I tested again with stopped agent before rebooting -> the "device is busy" error doesn't occur and the system is rebooting as expected.
Looks to me that your system hang at reboot doesn't have anything to do with the EM agent, but is due to an issue with NFS. You are perhaps mouting an NFS share usng "hard" and "nointr", which requires a hard reset of the machine if there is a probelm between your machine and the NFS server, similar to a hard disk erorr that cannot be resolved. You might also want to check in which order shutdown items are being processed to make sure not to unmount any NFS share while it is still being used by some software.
thanks for your reply Dude.
Yes, we are using the "hard" an "nointr" option as recommended with MOS Doc ID 359515.1
(The Agent software is installed on the same mountpoint where the database binaries are installed.)
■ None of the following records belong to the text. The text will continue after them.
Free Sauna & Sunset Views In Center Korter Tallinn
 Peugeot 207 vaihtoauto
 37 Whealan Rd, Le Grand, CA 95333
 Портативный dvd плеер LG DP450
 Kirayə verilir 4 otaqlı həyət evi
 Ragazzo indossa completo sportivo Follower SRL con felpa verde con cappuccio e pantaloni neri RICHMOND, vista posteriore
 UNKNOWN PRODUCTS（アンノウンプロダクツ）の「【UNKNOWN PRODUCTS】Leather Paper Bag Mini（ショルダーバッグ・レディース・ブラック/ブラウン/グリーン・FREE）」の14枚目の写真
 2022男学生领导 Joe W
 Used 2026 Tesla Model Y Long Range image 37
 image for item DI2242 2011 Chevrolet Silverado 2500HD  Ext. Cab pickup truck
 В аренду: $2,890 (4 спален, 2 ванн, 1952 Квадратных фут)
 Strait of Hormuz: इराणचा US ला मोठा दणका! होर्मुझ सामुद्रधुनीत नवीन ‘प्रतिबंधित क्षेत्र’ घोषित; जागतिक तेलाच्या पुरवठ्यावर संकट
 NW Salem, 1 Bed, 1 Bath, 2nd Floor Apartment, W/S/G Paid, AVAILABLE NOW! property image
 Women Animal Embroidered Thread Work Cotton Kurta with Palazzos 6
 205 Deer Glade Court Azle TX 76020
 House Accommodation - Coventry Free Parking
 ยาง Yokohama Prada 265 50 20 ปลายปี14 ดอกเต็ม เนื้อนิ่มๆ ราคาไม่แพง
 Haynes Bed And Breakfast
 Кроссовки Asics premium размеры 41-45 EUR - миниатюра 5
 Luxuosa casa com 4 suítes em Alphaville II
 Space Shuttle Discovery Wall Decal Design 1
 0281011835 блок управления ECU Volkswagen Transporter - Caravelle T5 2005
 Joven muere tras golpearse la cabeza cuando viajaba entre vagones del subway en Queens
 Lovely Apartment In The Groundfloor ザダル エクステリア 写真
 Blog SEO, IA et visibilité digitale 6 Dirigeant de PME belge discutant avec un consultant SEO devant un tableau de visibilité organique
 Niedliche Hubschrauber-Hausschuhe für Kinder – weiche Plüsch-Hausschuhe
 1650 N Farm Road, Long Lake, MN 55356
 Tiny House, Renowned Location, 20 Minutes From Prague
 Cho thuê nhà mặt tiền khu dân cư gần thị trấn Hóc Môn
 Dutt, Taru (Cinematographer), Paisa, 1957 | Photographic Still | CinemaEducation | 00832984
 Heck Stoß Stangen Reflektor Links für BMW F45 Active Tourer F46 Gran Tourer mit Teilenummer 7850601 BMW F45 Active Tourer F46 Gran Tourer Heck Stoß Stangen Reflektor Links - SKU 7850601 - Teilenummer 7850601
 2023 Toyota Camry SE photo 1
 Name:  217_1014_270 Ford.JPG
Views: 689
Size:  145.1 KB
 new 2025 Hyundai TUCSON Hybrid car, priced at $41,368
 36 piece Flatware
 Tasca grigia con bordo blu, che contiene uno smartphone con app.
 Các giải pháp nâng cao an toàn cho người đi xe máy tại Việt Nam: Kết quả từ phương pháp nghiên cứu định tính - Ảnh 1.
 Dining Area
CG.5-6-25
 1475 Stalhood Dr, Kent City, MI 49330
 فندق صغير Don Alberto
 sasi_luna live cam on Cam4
You are right, the shutdown-order influences the behavior. We created softlinks in /etc/rc6.d
ln -s /etc/init.d/gcstartup /etc/rc6.d/K01gcstartup
ln -s /etc/init.d/unlockgcstartup /etc/rc6.d/K02unlockgcstartup
with these softlinks the reboot works fine.
Well, the root.sh script creates links in /etc/rc3.d for Agent-Start. But no links in /etc/rc0.d and /etc/rc6.d for stopping the agent are created.
During reboot /etc/rc6.d/S00killall tries to stop the agent, but it seems to be to late...
I did a test with OL 5.9 instead of RHEL 6.4.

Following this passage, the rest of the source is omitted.